To attract more gala attendees, the hospital is offering its “most reasonably priced ticket we’ve ever had,” Ms. Cameran-Reilly said. For $50, revelers can join a seven-minute virtual toast to health care workers, patrons and the community at large, starting at 7 p.m. with a warm welcome from Mr. Chaloner, followed by an address by celebrity host and actor Liev Schreiber — who sits on this year’s host committee with Donna Karan, Gabby de Felice, Joey Wölffer, Kristen Farrell, Jean Shafiroff, Jesse Warren and Martyna Sokol — and concluding with the toast itself.
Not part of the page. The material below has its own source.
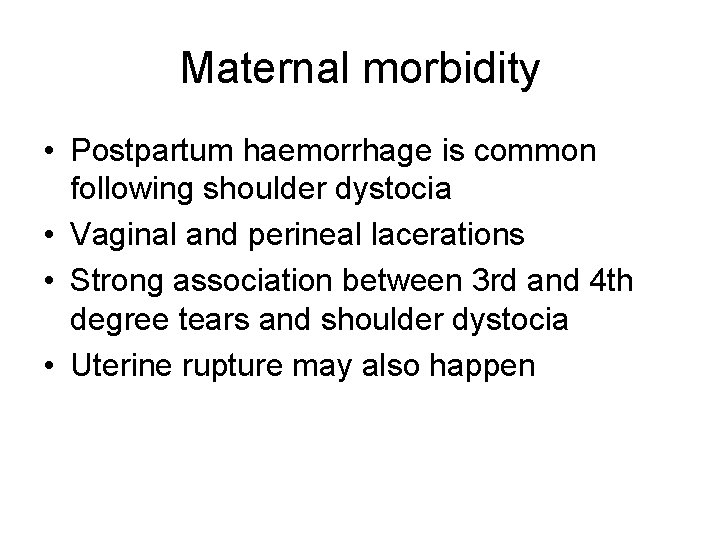 Maternal morbidity • Postpartum haemorrhage is common following shoulder dystocia • Vaginal and perineal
“I’m hoping it’ll be seven minutes of solidarity across the entire community,” Mr. Chaloner said. “Because we’re in Southampton, people in some of the other communities we serve — like Montauk, or East Hampton, or even out in Westhampton — they have been reluctant, especially on a summer evening, to try to drive all the way to our tent.
“So we’re hoping we can get hosts in all of the communities that we serve, from the entire South Fork, and what an amazing moment of solidarity that could be, both for support with each other, but also just solidarity with the health care system, as well.”
Solidarity doesn’t need to risk social distancing protocols, Mr. Chaloner was quick to emphasize, no matter what form the party takes.
“We’d like people to do the right thing,” he said. “Whoever’s in your quarantine bubble would probably be the right group to party with. And if you do want to have a larger group and invite them, we’d hope everybody would distribute their tables around their backyard, keep their distance and do it in a way that people can be safe.
“We certainly wouldn’t be encouraging any large groups of people,” he continued. “You hear the stories of the big, huge, gigantic parties. We wouldn’t be encouraging that. But make it smaller, intimate, festive and safe.”